Connor looked rather perky as he said, "It was cool, Abbs. Like an episode of Supernatural."
Abby just shook her head. "I didn't think much of your tv before, Connor, but now that you're taking advantage of a head injury to watch Corrie, I just . . . I'm just going to go before you drag me down."
Connor made a face at her retreating back, then turned to Stephen. "It was kind of stupid of you to do that."
"Jenny's already gone after me about it," Stephen said. "Anything from anyone else will just be weak." He sat in the chair by the bed. "Did she tell you-"

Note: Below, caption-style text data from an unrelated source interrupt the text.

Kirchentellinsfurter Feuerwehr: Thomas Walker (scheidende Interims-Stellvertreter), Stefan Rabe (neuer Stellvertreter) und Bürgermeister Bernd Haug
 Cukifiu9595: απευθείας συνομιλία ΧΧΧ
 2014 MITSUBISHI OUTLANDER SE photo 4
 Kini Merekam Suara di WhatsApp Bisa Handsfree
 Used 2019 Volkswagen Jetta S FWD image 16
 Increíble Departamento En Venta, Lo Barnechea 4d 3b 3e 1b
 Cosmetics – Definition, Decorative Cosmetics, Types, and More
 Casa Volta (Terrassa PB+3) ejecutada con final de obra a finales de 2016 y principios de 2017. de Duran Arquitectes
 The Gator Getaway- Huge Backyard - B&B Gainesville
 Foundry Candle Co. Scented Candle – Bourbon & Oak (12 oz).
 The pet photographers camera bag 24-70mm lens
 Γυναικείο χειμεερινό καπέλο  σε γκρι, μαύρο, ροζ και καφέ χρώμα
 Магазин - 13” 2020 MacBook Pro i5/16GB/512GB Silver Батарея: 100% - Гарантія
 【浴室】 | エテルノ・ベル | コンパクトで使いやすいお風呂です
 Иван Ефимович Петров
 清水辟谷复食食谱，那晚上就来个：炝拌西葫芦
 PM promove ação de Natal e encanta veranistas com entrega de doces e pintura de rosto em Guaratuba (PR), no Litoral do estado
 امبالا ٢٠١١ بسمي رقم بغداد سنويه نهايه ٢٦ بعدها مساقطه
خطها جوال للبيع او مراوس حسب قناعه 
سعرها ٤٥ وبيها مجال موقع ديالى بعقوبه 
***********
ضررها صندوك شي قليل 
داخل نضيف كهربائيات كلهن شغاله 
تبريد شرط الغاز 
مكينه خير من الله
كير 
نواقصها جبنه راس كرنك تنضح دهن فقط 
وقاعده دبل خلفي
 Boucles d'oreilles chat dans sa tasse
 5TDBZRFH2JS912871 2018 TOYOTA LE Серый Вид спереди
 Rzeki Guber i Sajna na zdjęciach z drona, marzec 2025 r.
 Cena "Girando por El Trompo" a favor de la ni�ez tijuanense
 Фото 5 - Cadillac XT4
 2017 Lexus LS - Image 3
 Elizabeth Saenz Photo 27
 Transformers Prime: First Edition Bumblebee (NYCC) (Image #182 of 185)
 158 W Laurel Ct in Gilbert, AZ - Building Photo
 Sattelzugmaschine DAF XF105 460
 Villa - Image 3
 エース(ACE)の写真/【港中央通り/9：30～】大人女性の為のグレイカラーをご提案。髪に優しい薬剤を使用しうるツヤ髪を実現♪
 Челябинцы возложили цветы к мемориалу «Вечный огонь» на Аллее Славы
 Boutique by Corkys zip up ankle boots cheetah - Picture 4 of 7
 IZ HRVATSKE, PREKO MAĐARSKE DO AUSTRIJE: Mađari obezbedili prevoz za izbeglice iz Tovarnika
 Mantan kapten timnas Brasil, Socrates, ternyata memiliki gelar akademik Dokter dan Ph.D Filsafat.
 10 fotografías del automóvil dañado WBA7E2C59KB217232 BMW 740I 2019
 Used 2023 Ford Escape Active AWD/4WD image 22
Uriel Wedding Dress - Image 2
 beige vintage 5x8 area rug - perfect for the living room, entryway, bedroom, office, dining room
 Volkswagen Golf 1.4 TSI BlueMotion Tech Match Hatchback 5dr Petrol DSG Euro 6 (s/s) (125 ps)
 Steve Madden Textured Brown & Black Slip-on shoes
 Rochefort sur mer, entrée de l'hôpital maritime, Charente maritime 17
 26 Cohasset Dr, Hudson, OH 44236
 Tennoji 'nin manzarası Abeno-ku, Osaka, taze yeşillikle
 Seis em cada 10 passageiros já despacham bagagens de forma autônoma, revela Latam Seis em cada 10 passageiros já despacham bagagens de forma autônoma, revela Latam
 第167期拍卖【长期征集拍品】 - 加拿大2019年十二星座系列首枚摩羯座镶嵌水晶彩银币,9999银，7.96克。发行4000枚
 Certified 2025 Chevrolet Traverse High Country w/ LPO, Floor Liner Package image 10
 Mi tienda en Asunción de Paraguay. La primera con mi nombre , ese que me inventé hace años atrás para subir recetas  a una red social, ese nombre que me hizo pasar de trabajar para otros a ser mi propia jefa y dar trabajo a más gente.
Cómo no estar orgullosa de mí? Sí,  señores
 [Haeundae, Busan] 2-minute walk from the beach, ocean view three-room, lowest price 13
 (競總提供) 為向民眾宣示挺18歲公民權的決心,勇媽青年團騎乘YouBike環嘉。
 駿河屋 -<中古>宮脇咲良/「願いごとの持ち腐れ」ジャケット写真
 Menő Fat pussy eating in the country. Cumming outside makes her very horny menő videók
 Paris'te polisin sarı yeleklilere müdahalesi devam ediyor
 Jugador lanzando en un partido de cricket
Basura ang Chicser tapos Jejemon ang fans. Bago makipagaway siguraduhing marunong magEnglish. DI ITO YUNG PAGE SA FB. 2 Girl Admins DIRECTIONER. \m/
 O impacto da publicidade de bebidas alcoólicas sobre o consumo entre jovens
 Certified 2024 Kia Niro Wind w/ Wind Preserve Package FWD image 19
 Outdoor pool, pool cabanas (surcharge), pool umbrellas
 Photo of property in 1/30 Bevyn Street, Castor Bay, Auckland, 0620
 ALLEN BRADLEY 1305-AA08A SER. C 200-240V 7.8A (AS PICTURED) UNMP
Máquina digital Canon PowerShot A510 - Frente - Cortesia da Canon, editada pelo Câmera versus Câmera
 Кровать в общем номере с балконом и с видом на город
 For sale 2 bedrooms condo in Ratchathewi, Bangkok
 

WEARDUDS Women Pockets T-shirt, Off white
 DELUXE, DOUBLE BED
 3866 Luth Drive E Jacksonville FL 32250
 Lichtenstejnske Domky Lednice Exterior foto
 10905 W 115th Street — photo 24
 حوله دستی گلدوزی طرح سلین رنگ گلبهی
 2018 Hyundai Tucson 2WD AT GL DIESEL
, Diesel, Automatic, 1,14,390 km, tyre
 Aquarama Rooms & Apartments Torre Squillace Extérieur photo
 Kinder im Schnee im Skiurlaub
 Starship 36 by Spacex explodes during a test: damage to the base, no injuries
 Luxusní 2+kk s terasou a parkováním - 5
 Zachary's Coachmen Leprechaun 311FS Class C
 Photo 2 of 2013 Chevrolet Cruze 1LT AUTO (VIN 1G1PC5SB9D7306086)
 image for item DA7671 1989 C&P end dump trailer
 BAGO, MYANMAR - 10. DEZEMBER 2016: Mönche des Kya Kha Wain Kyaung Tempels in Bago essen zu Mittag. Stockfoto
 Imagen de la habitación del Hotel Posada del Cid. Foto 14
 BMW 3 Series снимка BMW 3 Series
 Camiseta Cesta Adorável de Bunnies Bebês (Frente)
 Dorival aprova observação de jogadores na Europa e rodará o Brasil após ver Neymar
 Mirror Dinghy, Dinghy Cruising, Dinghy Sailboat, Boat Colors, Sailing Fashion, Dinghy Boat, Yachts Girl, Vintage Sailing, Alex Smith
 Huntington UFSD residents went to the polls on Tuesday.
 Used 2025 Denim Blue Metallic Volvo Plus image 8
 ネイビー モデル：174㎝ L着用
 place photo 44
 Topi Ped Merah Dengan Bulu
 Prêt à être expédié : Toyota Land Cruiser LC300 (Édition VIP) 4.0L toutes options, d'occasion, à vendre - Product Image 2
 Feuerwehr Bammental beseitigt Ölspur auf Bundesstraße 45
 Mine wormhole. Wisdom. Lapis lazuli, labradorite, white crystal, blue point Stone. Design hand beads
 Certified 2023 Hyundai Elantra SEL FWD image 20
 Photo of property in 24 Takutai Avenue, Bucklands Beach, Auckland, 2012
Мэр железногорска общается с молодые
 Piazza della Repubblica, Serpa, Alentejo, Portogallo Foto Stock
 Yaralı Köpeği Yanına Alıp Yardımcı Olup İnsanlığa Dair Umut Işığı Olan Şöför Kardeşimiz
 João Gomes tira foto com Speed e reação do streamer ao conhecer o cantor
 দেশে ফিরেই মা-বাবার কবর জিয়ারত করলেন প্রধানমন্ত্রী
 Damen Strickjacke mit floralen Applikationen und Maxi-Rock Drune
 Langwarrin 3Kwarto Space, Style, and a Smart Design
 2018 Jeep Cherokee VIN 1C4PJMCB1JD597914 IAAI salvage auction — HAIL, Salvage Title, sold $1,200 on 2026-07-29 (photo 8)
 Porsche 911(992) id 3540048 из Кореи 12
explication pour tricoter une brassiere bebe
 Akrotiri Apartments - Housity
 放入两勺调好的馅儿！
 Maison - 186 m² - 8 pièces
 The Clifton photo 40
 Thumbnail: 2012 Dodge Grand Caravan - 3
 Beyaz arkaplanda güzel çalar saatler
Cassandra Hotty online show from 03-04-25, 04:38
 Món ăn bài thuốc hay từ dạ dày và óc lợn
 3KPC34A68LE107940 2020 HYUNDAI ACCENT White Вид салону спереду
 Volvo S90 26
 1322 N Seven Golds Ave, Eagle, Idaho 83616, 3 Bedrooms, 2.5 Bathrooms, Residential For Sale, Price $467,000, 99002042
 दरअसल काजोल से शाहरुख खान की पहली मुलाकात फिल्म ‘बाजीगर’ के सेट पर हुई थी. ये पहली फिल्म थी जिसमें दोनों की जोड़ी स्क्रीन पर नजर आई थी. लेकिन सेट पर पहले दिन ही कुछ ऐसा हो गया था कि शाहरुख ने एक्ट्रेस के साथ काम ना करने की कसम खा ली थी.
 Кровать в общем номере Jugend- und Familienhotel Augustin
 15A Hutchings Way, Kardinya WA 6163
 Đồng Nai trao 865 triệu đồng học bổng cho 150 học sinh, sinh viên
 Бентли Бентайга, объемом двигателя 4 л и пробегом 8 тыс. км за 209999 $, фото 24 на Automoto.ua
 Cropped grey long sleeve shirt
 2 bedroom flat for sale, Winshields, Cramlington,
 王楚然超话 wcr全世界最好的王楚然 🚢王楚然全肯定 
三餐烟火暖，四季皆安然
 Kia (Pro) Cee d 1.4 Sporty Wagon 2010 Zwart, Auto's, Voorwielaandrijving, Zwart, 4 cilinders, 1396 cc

"That you're my bodyguard because I'm so important that some terrorists tried to torture me into revealing state secrets," Connor finished, yeah. "I was joking when I suggested it."
Stephen shook his head in disbelief. "Well, I suppose as long as you don't start singing, I'll cope."
"Huh?" Connor frowned, clearly looking for the reference.
"The Bodyguard? Whitney Houston?" Stephen prompted.
Connor looked revolted. "Oh, that was awful. That song didn't go away until secondary. Fran Thompkins chased the boys she liked all around the schoolyard singing that. God that was horrible."
Stephen asked curiously, "She chase you any?"
Connor's laugh was a little bitter. "No. I was the weird kid who liked dinosaurs long after they stopped being cool. The one on school trips to the museum who'd correct the tour guide's pronounciation."
"Still, must be nice to have known all along what you wanted," Stephen said. "I didn't figure anything out until I was in the summer after my second year at university. I had to make up a science credit and there was a paleontological expedition involved in the course. Getting to be outside and away from classrooms for it decided me as far as taking the course went." He smiled a little, remembering. "Watching Cutter point out where the bones were and how it was all put together got me interested. I changed my area of focus and did whatever I could to be qualified to go into the field."
"How'd you get from university to being the Mighty Hunter?" Connor asked, a bit of mischief in his voice.
"Being pretty stupid. I spent a gap year in America learning to hunt somewhere there was still wilderness. It's where I learned how to use a machine gun."
Connor's mouth opened for a moment, then closed. He looked defeated again all of a sudden. "I should have something to say to that," he said sadly. "But . . . it's not there." He swallowed, his eyes losing their focus a moment. "I'm happy I'm not dead, really I am. But I can't . . . I feel so stupid!"
"Don't say that," Stephen snapped. Connor's turn to despair had him frightened. There was just something in the way Connor looked, so bereft, that made something in his chest clench. "You are not stupid. You've merely been downgraded from genius to extremely smart."
"It's not good enough," Connor told him. "It's not enough. I can't work on anything for Cutter or that ARC like this, and I don't just mean my hands." He gestured with the heavily bandaged appendages. "If I tried to build the ADD now it would take me months. We don't have that kind of time. I need to finish those calculations for Cutter, and I can't even follow my own maths." He gestured at the laptop on the table next to him.
Stephen didn't even pause to think as he pulled Connor into his arms, holding the younger man as he broke down.